** Your task **
Your task is to extract every entry that follows word for word while excluding the pictures.
[[ Input, beginning ]]
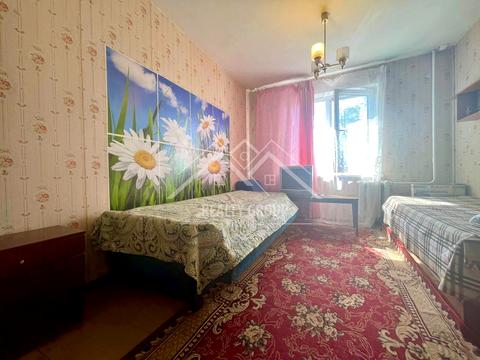 Квартира на вул. Зарічний 7-й, 12 в Кривому Розі, ID 204933, фото №7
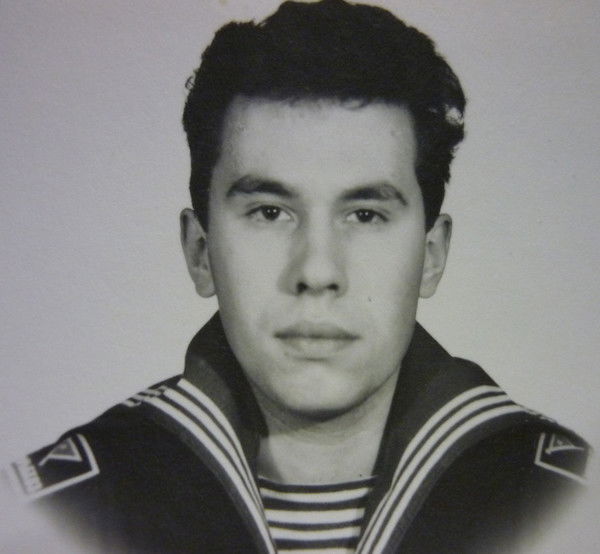 Александр Павленко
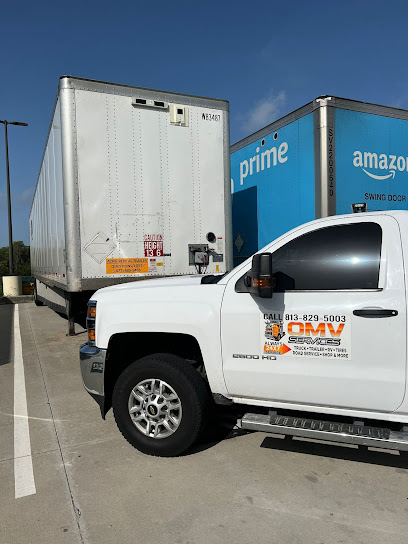 truck repair near me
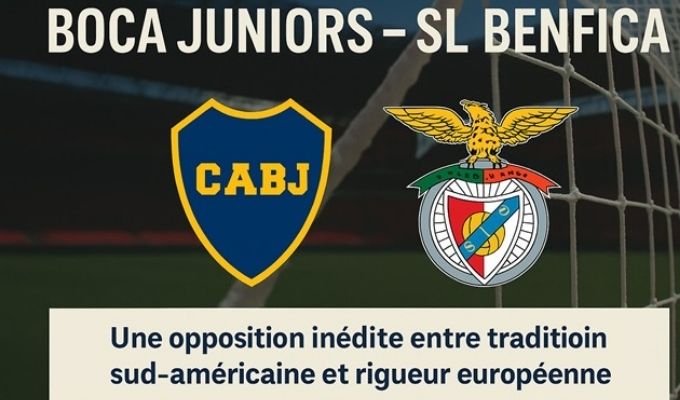 Mondial des clubs 2025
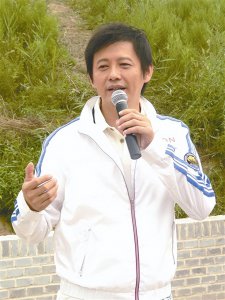 ​程前个人资料：程前与王越已离婚27年了，两人的人生命运各有不同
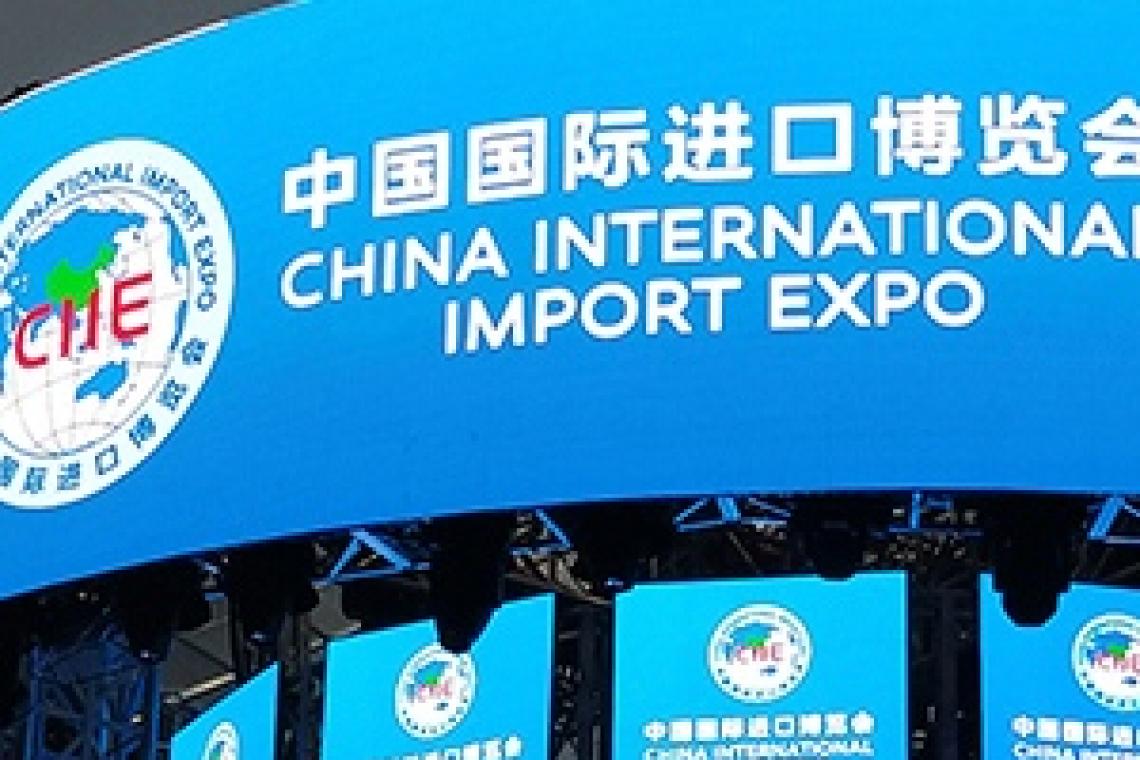 China destronó a Estados Unidos y se convirtió en el primer socio comercial de Europa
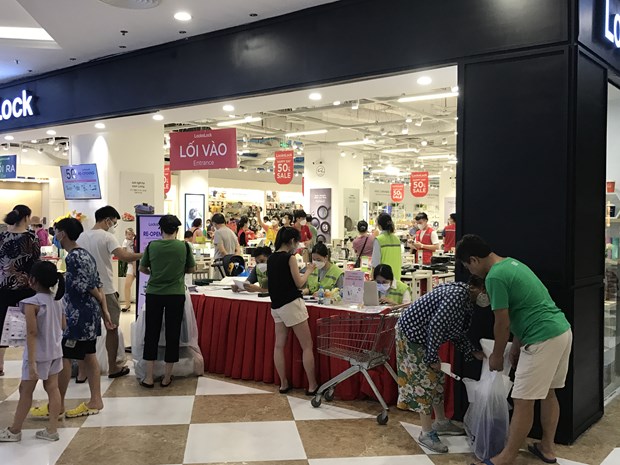 Xuất khẩu chững lại: Nhận diện thách thức, tạo đà tăng trưởng bền vững hình ảnh 3 Xuat khau chung lai: Nhan dien thach thuc, tao da tang truong ben vung hinh anh 3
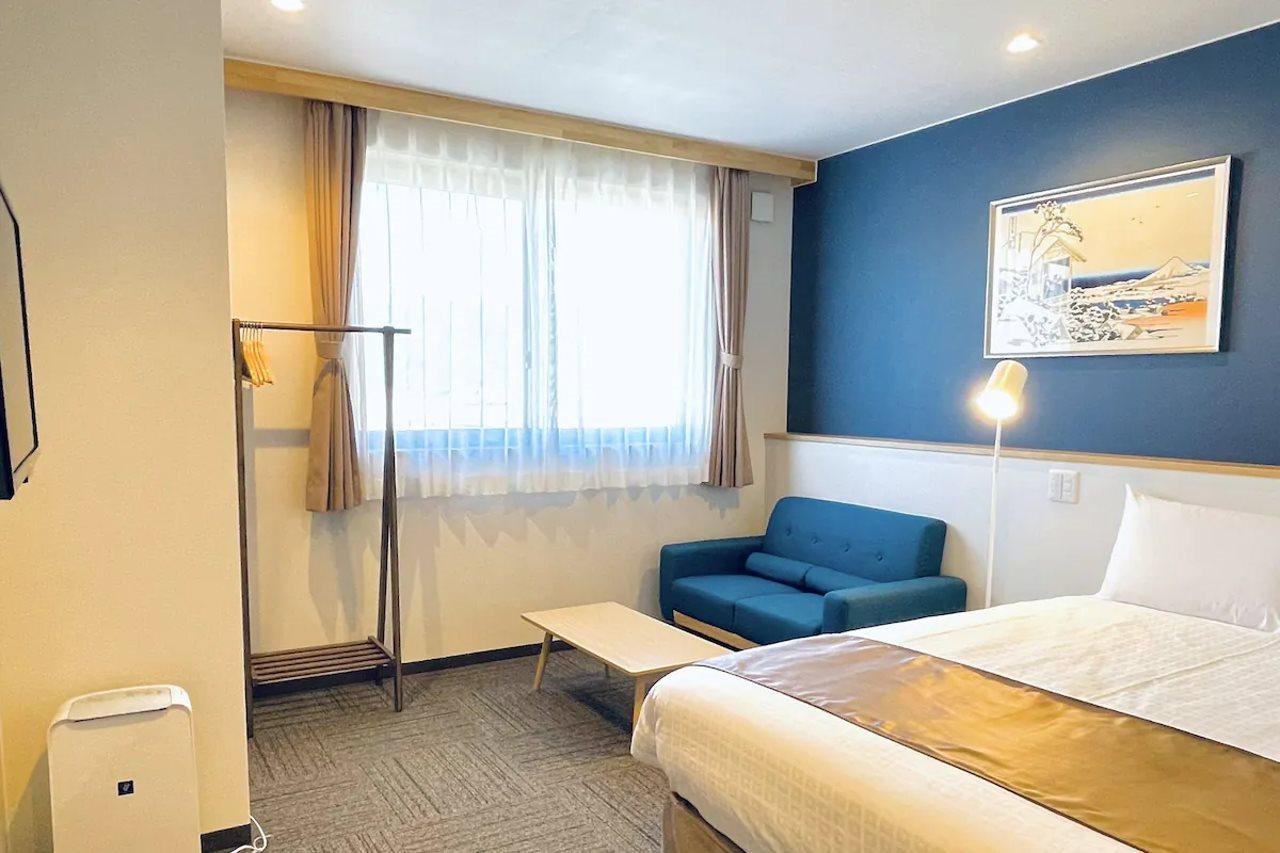Haostay Fujikawaguchiko Exterior foto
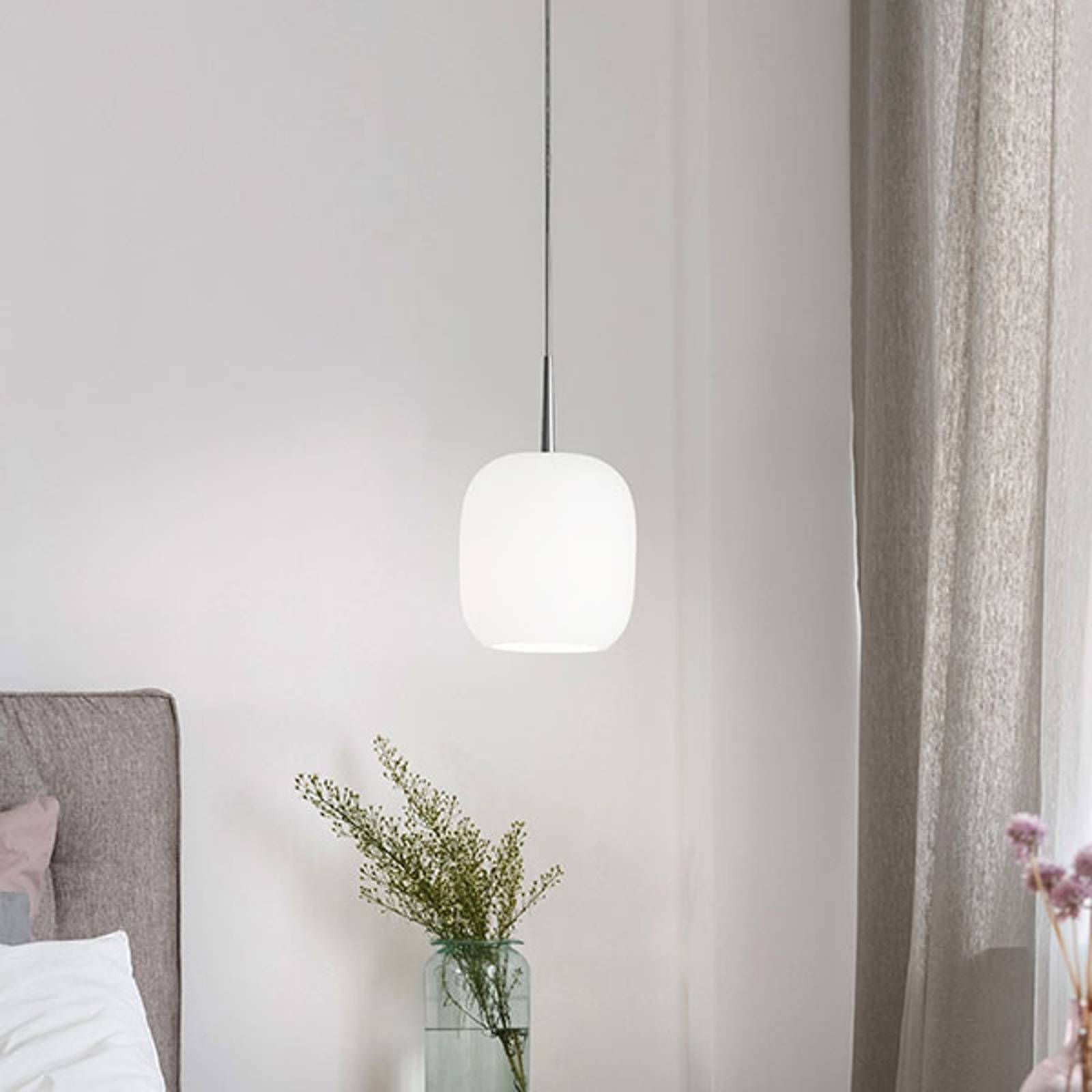 Casablanca Murea hänglampa kabelpendel 1 lampa
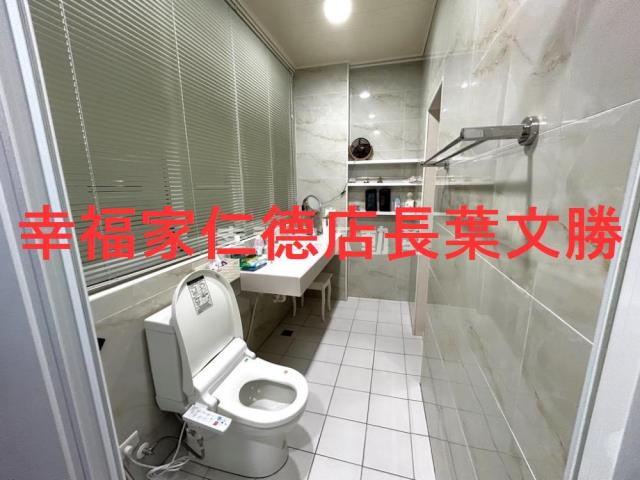 台南安定透天-11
[[ Input, end ]]
** Response to the task **
 Квартира на вул. Зарічний 7-й, 12 в Кривому Розі, ID 204933, фото №7
 Александр Павленко
 truck repair near me
 Mondial des clubs 2025
 ​程前个人资料：程前与王越已离婚27年了，两人的人生命运各有不同
 China destronó a Estados Unidos y se convirtió en el primer socio comercial de Europa
 Xuất khẩu chững lại: Nhận diện thách thức, tạo đà tăng trưởng bền vững hình ảnh 3 Xuat khau chung lai: Nhan dien thach thuc, tao da tang truong ben vung hinh anh 3
Haostay Fujikawaguchiko Exterior foto
 Casablanca Murea hänglampa kabelpendel 1 lampa
 台南安定透天-11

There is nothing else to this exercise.